After reading about Eve and Sally’s difficult experiences working on The Number One, I was impressed with their ability to learn something new and become stronger physically. I watched this video guide from the Canal and River Trust, and I was even more impressed. (Yes, I know this is a work of fiction, but I identified strongly with Eve and Sally.)
The Story of The Narrowboat Summer
Eve and Sally set off, wondering if they can survive the summer both physically and emotionally. They never met before their meeting on a towpath, so they must maneuver gently to see if they will be compatible. They also meet others on their trip, including Tompette and Billy, young people who seem to be living a “hippie” style of life, complete with music and drugs. They also meet others along the way, including and a vaguely mysterious man with some connection to Anastasia. And they find themselves helping Anastasia as she goes through her chemotherapy sessions.
And all the time they are learning the ropes (literally), dangers, and beauties of the narrowboat and the world on the shore.
“The joy of moving all the time, so slowly and without physical effort – leaving aside the locks – is that there is endless time for the mind to wander.”
As Sally said, “…any stretch of countryside with a canal running through it was transformed into a frame of tranquility.”
They were both trying to figure out what they would do in the next phase of their lives in this “gap year.” They read a book called Mr. Luckton’s Freedom, about a man who escapes his life for many years and finally comes back.

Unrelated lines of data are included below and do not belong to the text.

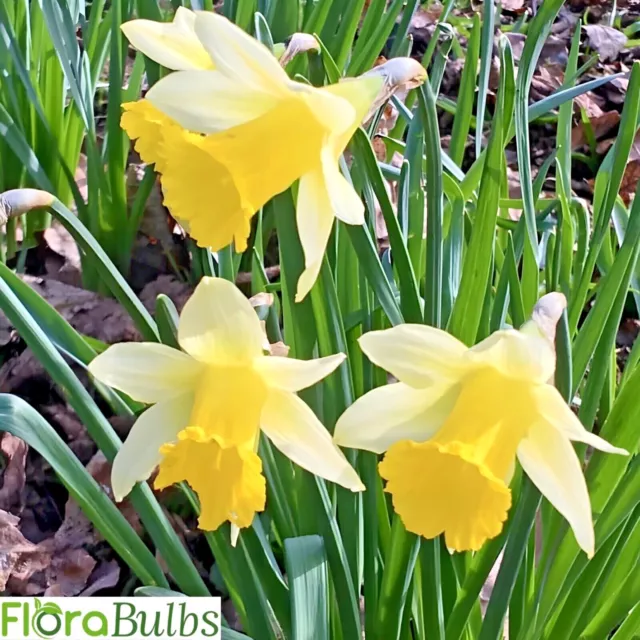 WILD DAFFODILS BULBS | Lobularis Lent Lily | Quality Narcissus spring flowering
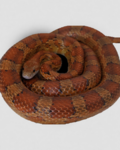 The nope rope society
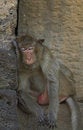 Free Monkey-15 Stock Photos - 1525413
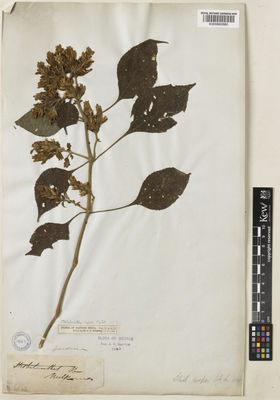 Kew Gardens K000882880:  Gardner, G. [s.n.] India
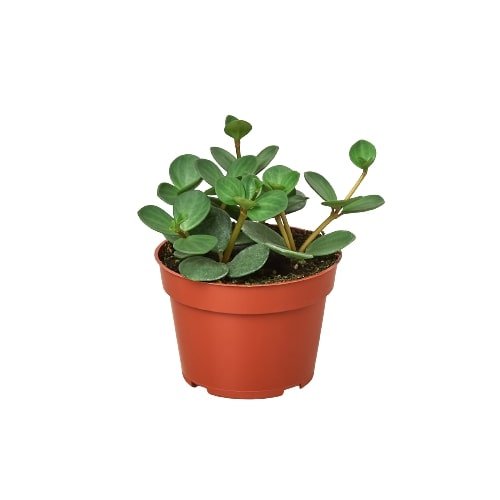 Peperomia 'Hope' - 4" Pot Indoor Plant - Mental Houseplants™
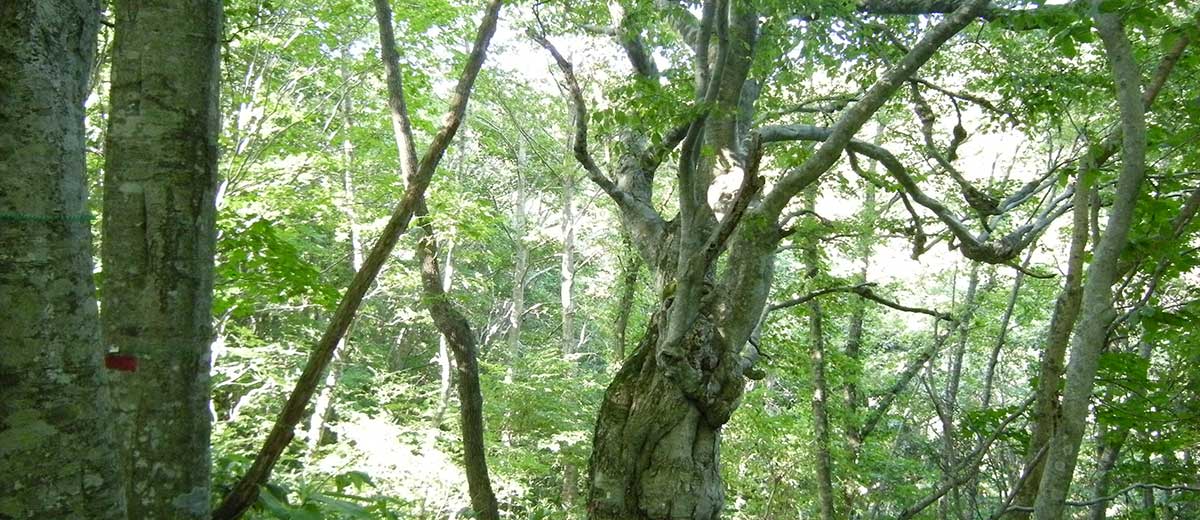 Hiyama Experimental Forest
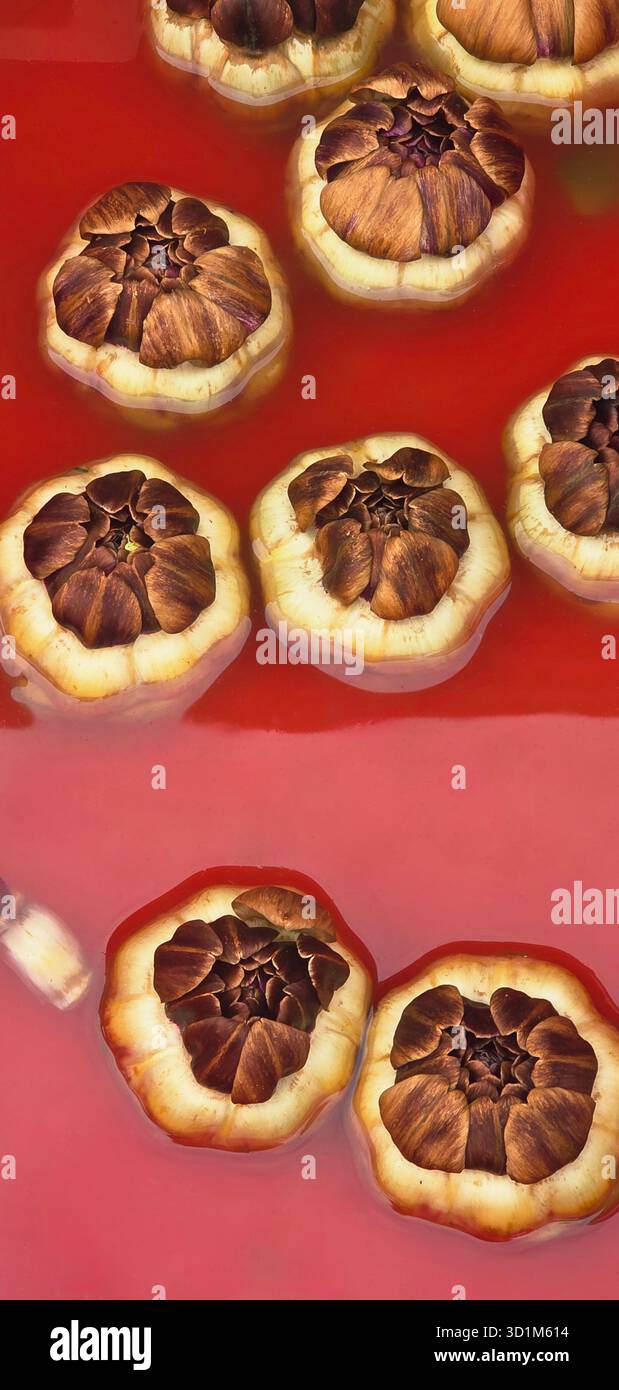 Les bulbes d'ail flottent dans un liquide rouge vif, mettant en valeur leurs textures et couleurs uniques, créant une composition artistique et visuellement frappante - Image de stock capturée avec un smartphone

His story becomes a metaphor for their journey, and their experiences during this summer helped them make the next step in their lives at the end of the summer.
“It was good to leave, but there is pleasure in going back.”
But can you really go back? Every experience, every interaction with others changes you in some way, and you become a different person at the end of the experience.
I thoroughly enjoyed the book and would recommend it to anyone who may have a turning point decision in life and considering whether to “feel the fear and do it anyway,” stretching the limits of the possible. I usually skim through fiction to get the plot basics, but I found myself engrossed in the details of their experience, slowing down to smile at the mild humor and linger over the language and the visual images.
More Information About Narrowboat Life
This article from the Inland Waterways Association has some pros and cons of narrowboat life. You may also find a guide to narrowboat living on Amazon. Of course, if you want to take a narrowboat holiday, check out Airbnb or one of the hiring agencies. I Googled “narrowboat holiday rentals uk” and found several. Of course, if you are really daring, try a self-drive narrowboat vacation.
In the meantime, I think you’ll find The Narrowboat Summer enjoyable and thought-provoking. (Note: You may also find it under the title Three Women and a Boat.)